### Provided records
━━━

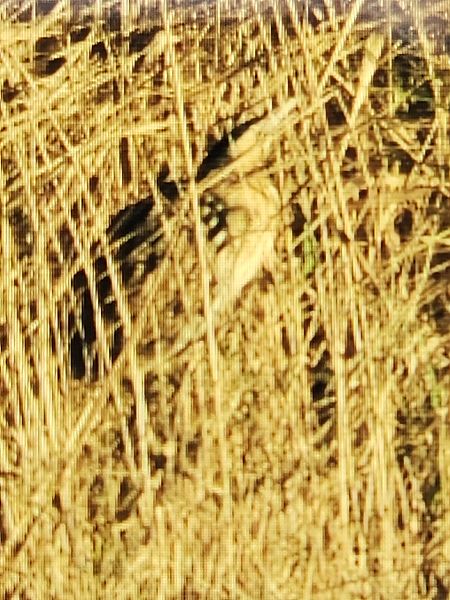 Rohrdommel  - Thomas Böndiz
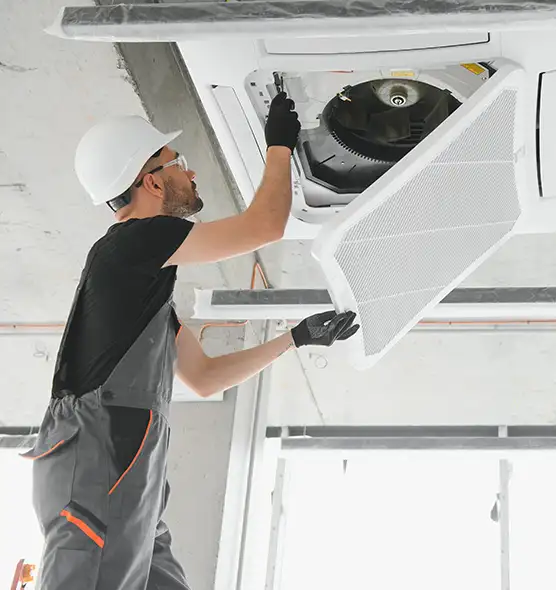 About Air Duct Rodent Removal in Layton, UT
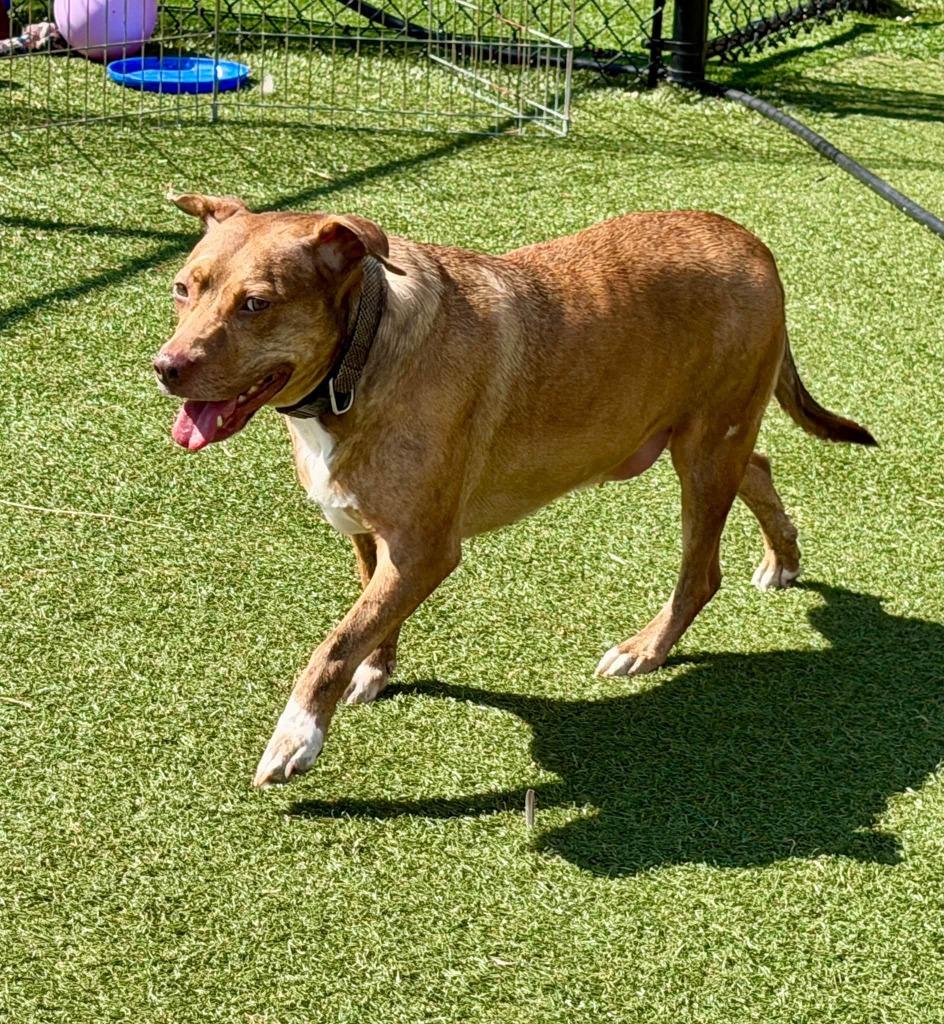 Enlarge Dixie, a Adoptable mixed breed in Columbia, IL image 4/5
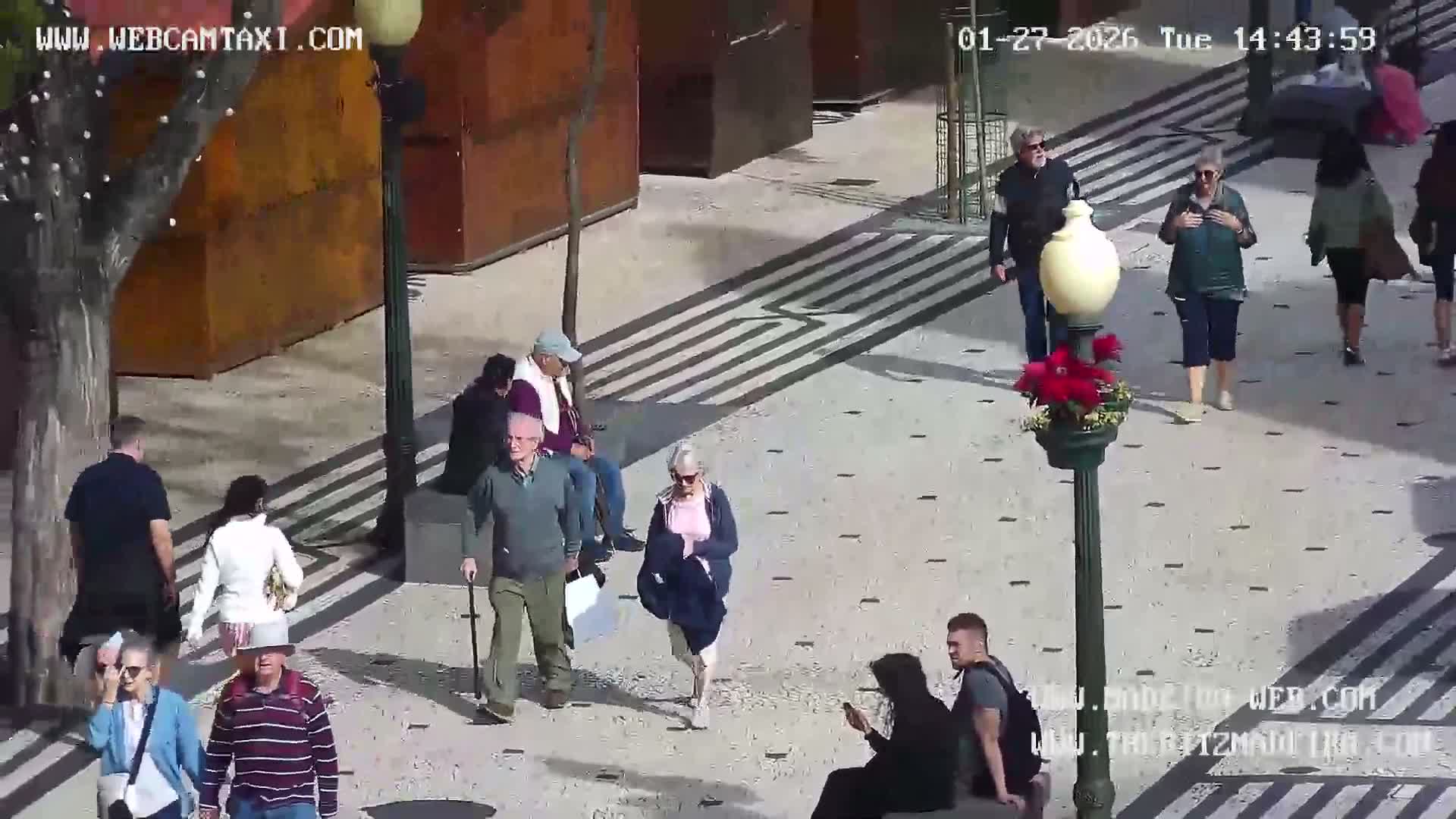 Ritz, Avenida Arriaga Avenue & Joao Goncalves Zarco Statue Live Cam - Funchal, Madeira, Portugal
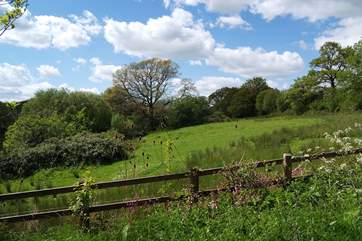 The 450 acre wildlife reserve is literally on the doorstep - through a wooden gate from Beech Cottage.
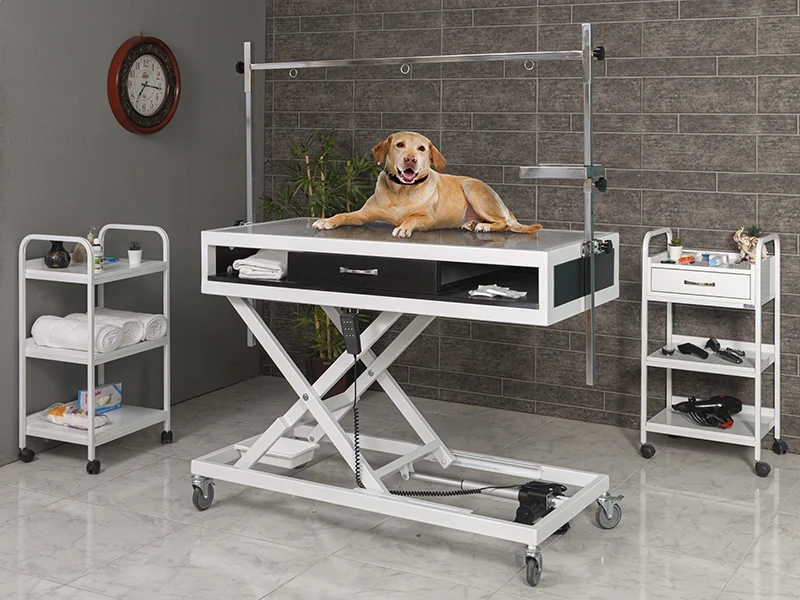 Veterinary X-Ray Table | TrioCare-6204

━━━

### What you are asked to do
Your copy of the entries must be exact and must contain no pictures.

### Final answer
 Rohrdommel  - Thomas Böndiz
 About Air Duct Rodent Removal in Layton, UT
 Enlarge Dixie, a Adoptable mixed breed in Columbia, IL image 4/5
 Ritz, Avenida Arriaga Avenue & Joao Goncalves Zarco Statue Live Cam - Funchal, Madeira, Portugal
 The 450 acre wildlife reserve is literally on the doorstep - through a wooden gate from Beech Cottage.
 Veterinary X-Ray Table | TrioCare-6204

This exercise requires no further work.